→ Your goal
Could you retype every line below exactly, omitting the images?

→ Data segment
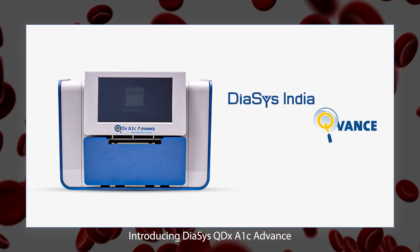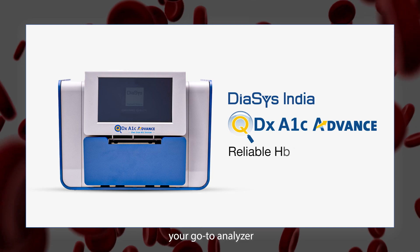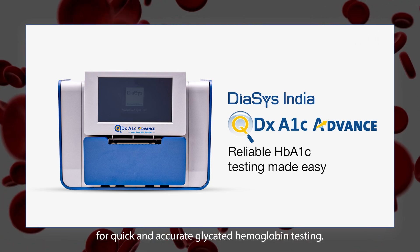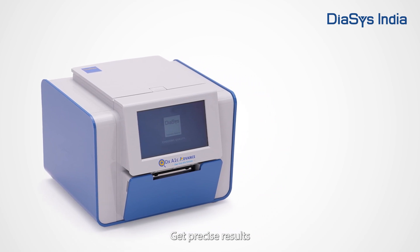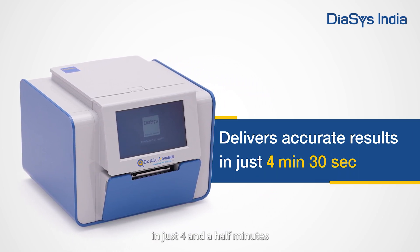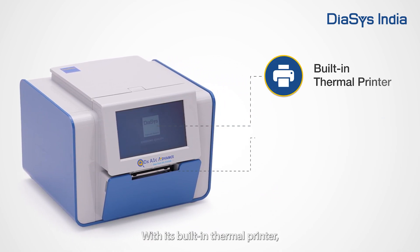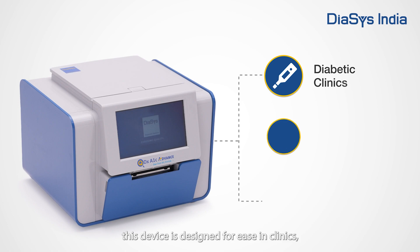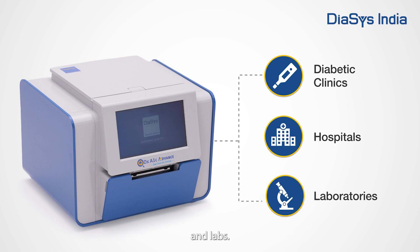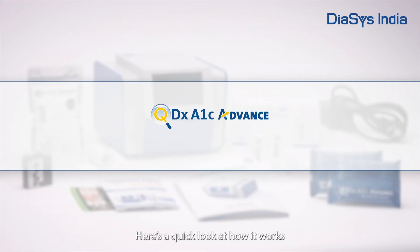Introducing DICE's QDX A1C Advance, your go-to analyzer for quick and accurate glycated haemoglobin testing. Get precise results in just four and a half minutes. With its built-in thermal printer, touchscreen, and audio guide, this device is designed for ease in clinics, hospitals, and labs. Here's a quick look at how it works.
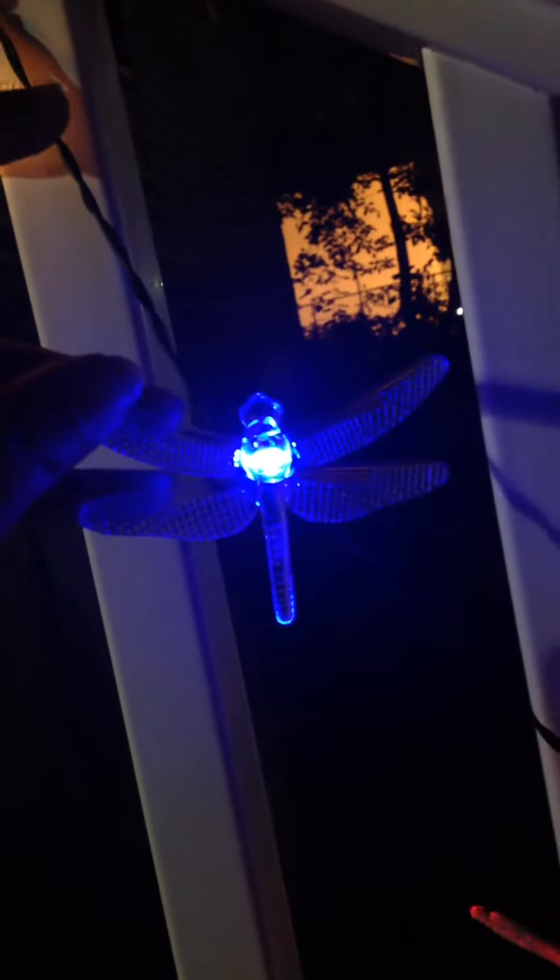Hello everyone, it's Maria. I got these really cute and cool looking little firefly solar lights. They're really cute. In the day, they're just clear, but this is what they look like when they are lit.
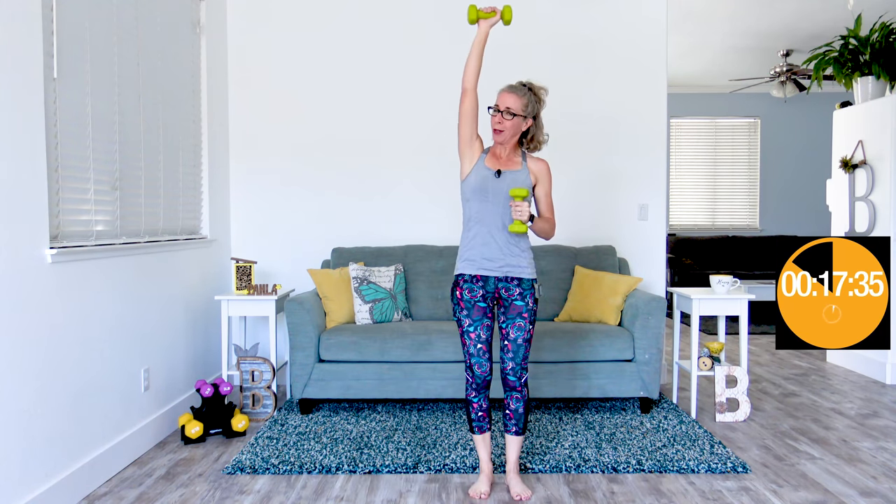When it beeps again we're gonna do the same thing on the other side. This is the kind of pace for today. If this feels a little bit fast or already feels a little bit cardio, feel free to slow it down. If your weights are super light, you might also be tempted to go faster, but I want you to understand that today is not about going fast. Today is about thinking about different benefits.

→ Completed task
Introducing DICE's QDX A1C Advance, your go-to analyzer for quick and accurate glycated haemoglobin testing. Get precise results in just four and a half minutes. With its built-in thermal printer, touchscreen, and audio guide, this device is designed for ease in clinics, hospitals, and labs. Here's a quick look at how it works.
Hello everyone, it's Maria. I got these really cute and cool looking little firefly solar lights. They're really cute. In the day, they're just clear, but this is what they look like when they are lit.
When it beeps again we're gonna do the same thing on the other side. This is the kind of pace for today. If this feels a little bit fast or already feels a little bit cardio, feel free to slow it down. If your weights are super light, you might also be tempted to go faster, but I want you to understand that today is not about going fast. Today is about thinking about different benefits.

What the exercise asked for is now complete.